The first time Jem realizes Arthur is reaching out to the children is the night he and Dill decide to sneak onto the Radley property to try and get a glimpse of Arthur through the window, bringing an unwilling Scout along with them. When shots ring out, the three children flee in terror. During flight, Jem gets his pants caught on the barbed wire fence and must abandon them to escape. At two o'clock in the morning, Jem decides to go back to the Radley property to try to retrieve them. Later, he explains to Scout the surprising condition he found his pants in, which he left "all in a tangle":
When I went back, they were folded across the fence ... They'd been sewed up. Not like a lady sewed 'em, like somethin' I'd try to do. (Ch. 7)
These clues signify that Arthur had sewed up Jem's pants for him in an act of kindness.
During Scout's second grade year, Jem also begins to realize the items he and Scout are finding in the knothole of the oak tree on the Radley lot are actually gifts Arthur is intentionally leaving for the children. The biggest clue is when the children find bars of soap in the knothole that had been carved to look just like the children. Jem knows perfectly well that Arthur is the only one in the neighborhood reputed to have such excellent whittling skills.
As soon as Jem brings himself to realize that Arthur is silently reaching out to the children through gifts and kindness, he decides to leave Arthur a thank-you note in the knothole and is absolutely devastated to find that Arthur's older brother Nathan had filled in the hole with cement.

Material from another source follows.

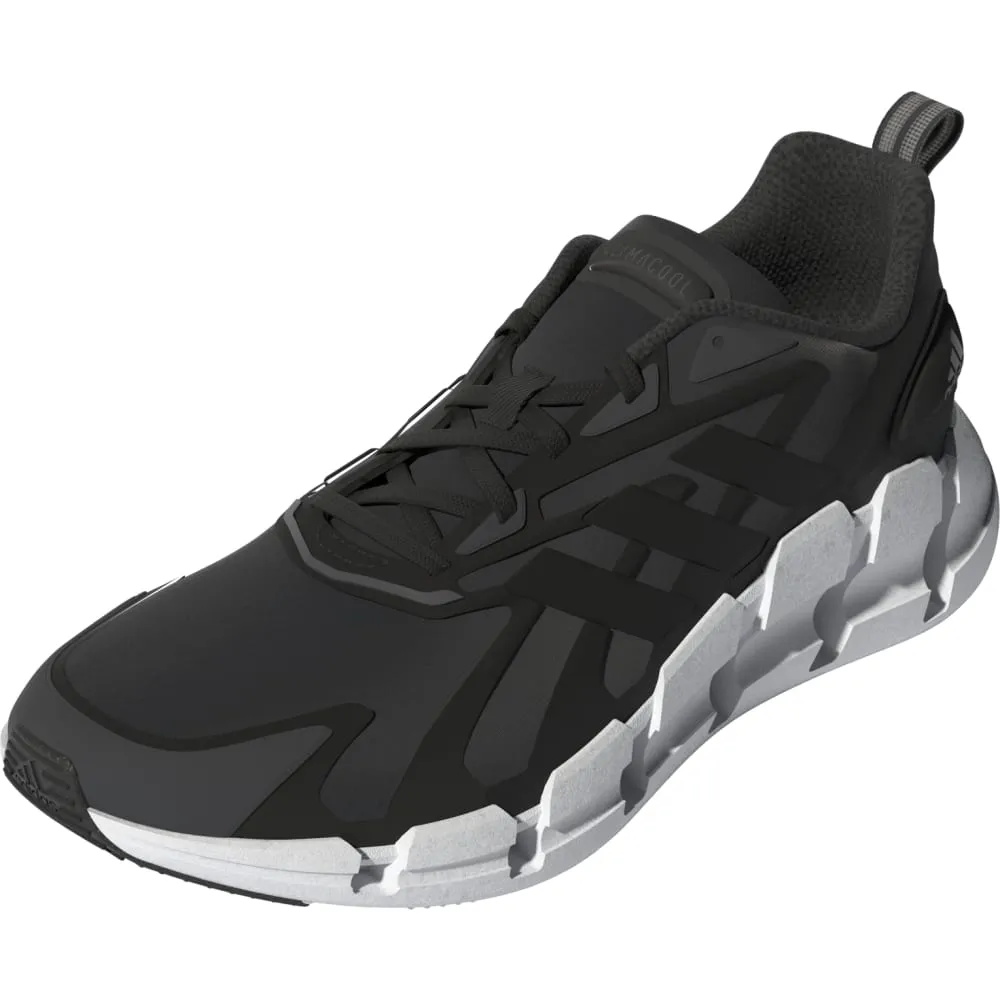 Ventice Climacool Running Shoes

Jem is so devastated he has no way to thank Arthur that it moves him to tears, as Scout notes at the end of Chapter 7.
But, Jem's tears are a sign that he is growing up and has been changed by the experience. His tears signify he feels guilty for having mocked Arthur through the game he and Dill invented and has come to see beyond the rumors and myths surrounding Arthur: Jem has come to see Arthur as a kind and caring person, albeit mysteriously reclusive for reasons of his own.